Assignment 4#

The goal of this assignment is to work with vector data and implement a scalable vector data anlysis.

You should submit this assignment to your existing geog313-assignments GitHub repository under a new directory named assignment-4. Your notebooks should be able to run on Microsoft Planetary Computer (PC) Hub. In the instructions for your code, provide guidance on how users should use your notebook within this hub. You can implement all sections of this assignment in one Notebook.

Note: As you know, the Python environment within the PC Hub can change, so you need to note the version of all packages you are using in your notebook in the documentation so anyone can reproduce your results.
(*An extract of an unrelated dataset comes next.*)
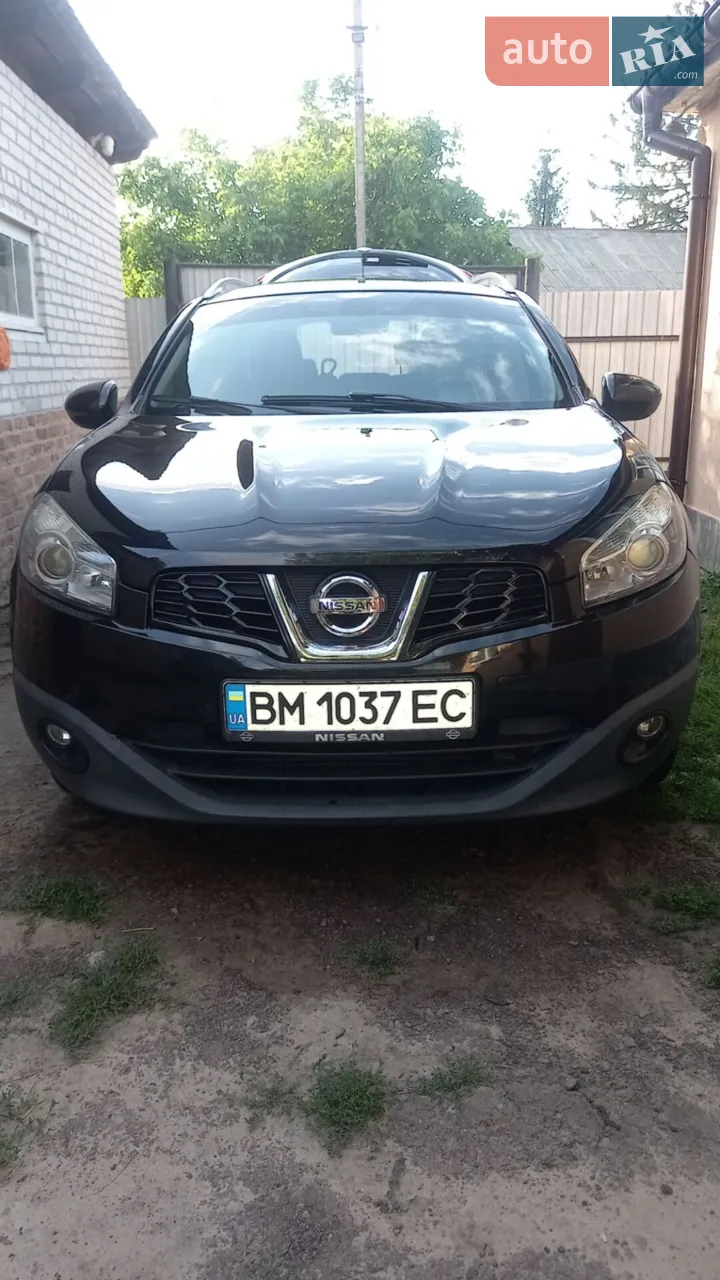 2011 Nissan Qashqai+2 - мініатюра 15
Download Building Footprint Data#

For this assignment you will be working with the Google-Microsoft Open Buildings Dataset - Combined by VIDA which is available on Source Cooperative. Check out the Read Me of the dataset to understand the datasets and familiarize yourself with its metadata.

  • Write a Python function that receives the ISO code for a country and downloads the corresponding geoparquet file or files for that country (Note: you only need to download the data stored under by_country/).

  • Use this function to download the data for Haiti.

Load Geoparquet File(s)#

The geoparquet files in this dataset maybe large depending on the country you are working with. So, ideally you would like to benefit from dask_geopandas functionality. To load the data into dask_geopandas you need to first convert the geometries from WKB to geojson. The following function can help you load the data into dask_geopandas DataFrame. (Note: this is not an optimal solution as you have to load the data into geopandas DataFrame first, and then convert to dask_geopandas. In the optional section below, you will be asked to rewrite this function).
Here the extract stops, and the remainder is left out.